What is needed is an exact copy of the data that follows.

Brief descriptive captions
- - - - -

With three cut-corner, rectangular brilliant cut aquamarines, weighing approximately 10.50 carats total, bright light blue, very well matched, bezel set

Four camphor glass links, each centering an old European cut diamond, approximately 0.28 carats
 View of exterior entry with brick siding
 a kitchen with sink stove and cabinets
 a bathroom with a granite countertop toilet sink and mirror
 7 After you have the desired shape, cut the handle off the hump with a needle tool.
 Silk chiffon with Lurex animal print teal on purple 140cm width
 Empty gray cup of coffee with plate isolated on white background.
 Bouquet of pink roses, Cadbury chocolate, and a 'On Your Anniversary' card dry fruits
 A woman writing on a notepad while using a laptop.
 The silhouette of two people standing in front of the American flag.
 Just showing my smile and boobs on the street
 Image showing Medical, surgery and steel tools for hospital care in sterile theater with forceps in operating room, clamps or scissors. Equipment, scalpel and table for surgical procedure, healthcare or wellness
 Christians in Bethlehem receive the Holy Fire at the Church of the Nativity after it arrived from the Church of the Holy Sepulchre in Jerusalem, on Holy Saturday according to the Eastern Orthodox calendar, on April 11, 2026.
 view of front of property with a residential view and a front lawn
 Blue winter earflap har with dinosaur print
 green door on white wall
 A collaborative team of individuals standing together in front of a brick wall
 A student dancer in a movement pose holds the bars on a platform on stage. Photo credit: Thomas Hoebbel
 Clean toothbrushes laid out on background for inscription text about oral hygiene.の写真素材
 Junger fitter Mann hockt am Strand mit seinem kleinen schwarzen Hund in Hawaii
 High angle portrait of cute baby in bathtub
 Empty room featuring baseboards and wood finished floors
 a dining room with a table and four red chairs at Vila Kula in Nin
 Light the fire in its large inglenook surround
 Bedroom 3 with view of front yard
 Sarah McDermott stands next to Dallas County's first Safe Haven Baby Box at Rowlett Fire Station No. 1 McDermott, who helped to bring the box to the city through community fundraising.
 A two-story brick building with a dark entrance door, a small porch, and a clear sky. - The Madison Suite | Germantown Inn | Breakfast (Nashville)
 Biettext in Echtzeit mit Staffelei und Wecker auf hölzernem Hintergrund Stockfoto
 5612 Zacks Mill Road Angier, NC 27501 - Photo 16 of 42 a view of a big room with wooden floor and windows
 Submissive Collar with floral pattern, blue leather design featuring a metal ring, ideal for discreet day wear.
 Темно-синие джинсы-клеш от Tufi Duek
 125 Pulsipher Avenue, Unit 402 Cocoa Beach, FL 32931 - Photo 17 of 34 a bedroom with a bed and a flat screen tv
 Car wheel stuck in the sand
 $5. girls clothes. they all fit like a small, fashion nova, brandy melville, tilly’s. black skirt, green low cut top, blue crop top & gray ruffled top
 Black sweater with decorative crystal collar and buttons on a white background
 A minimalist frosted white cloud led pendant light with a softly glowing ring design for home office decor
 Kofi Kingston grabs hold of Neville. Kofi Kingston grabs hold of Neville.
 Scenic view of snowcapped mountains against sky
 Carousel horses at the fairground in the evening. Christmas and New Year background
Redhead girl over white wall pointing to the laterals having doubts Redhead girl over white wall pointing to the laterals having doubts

- - - - -

TASK SOLUTION:
With three cut-corner, rectangular brilliant cut aquamarines, weighing approximately 10.50 carats total, bright light blue, very well matched, bezel set

Four camphor glass links, each centering an old European cut diamond, approximately 0.28 carats
 View of exterior entry with brick siding
 a kitchen with sink stove and cabinets
 a bathroom with a granite countertop toilet sink and mirror
 7 After you have the desired shape, cut the handle off the hump with a needle tool.
 Silk chiffon with Lurex animal print teal on purple 140cm width
 Empty gray cup of coffee with plate isolated on white background.
 Bouquet of pink roses, Cadbury chocolate, and a 'On Your Anniversary' card dry fruits
 A woman writing on a notepad while using a laptop.
 The silhouette of two people standing in front of the American flag.
 Just showing my smile and boobs on the street
 Image showing Medical, surgery and steel tools for hospital care in sterile theater with forceps in operating room, clamps or scissors. Equipment, scalpel and table for surgical procedure, healthcare or wellness
 Christians in Bethlehem receive the Holy Fire at the Church of the Nativity after it arrived from the Church of the Holy Sepulchre in Jerusalem, on Holy Saturday according to the Eastern Orthodox calendar, on April 11, 2026.
 view of front of property with a residential view and a front lawn
 Blue winter earflap har with dinosaur print
 green door on white wall
 A collaborative team of individuals standing together in front of a brick wall
 A student dancer in a movement pose holds the bars on a platform on stage. Photo credit: Thomas Hoebbel
 Clean toothbrushes laid out on background for inscription text about oral hygiene.の写真素材
 Junger fitter Mann hockt am Strand mit seinem kleinen schwarzen Hund in Hawaii
 High angle portrait of cute baby in bathtub
 Empty room featuring baseboards and wood finished floors
 a dining room with a table and four red chairs at Vila Kula in Nin
 Light the fire in its large inglenook surround
 Bedroom 3 with view of front yard
 Sarah McDermott stands next to Dallas County's first Safe Haven Baby Box at Rowlett Fire Station No. 1 McDermott, who helped to bring the box to the city through community fundraising.
 A two-story brick building with a dark entrance door, a small porch, and a clear sky. - The Madison Suite | Germantown Inn | Breakfast (Nashville)
 Biettext in Echtzeit mit Staffelei und Wecker auf hölzernem Hintergrund Stockfoto
 5612 Zacks Mill Road Angier, NC 27501 - Photo 16 of 42 a view of a big room with wooden floor and windows
 Submissive Collar with floral pattern, blue leather design featuring a metal ring, ideal for discreet day wear.
 Темно-синие джинсы-клеш от Tufi Duek
 125 Pulsipher Avenue, Unit 402 Cocoa Beach, FL 32931 - Photo 17 of 34 a bedroom with a bed and a flat screen tv
 Car wheel stuck in the sand
 $5. girls clothes. they all fit like a small, fashion nova, brandy melville, tilly’s. black skirt, green low cut top, blue crop top & gray ruffled top
 Black sweater with decorative crystal collar and buttons on a white background
 A minimalist frosted white cloud led pendant light with a softly glowing ring design for home office decor
 Kofi Kingston grabs hold of Neville. Kofi Kingston grabs hold of Neville.
 Scenic view of snowcapped mountains against sky
 Carousel horses at the fairground in the evening. Christmas and New Year background
Redhead girl over white wall pointing to the laterals having doubts Redhead girl over white wall pointing to the laterals having doubts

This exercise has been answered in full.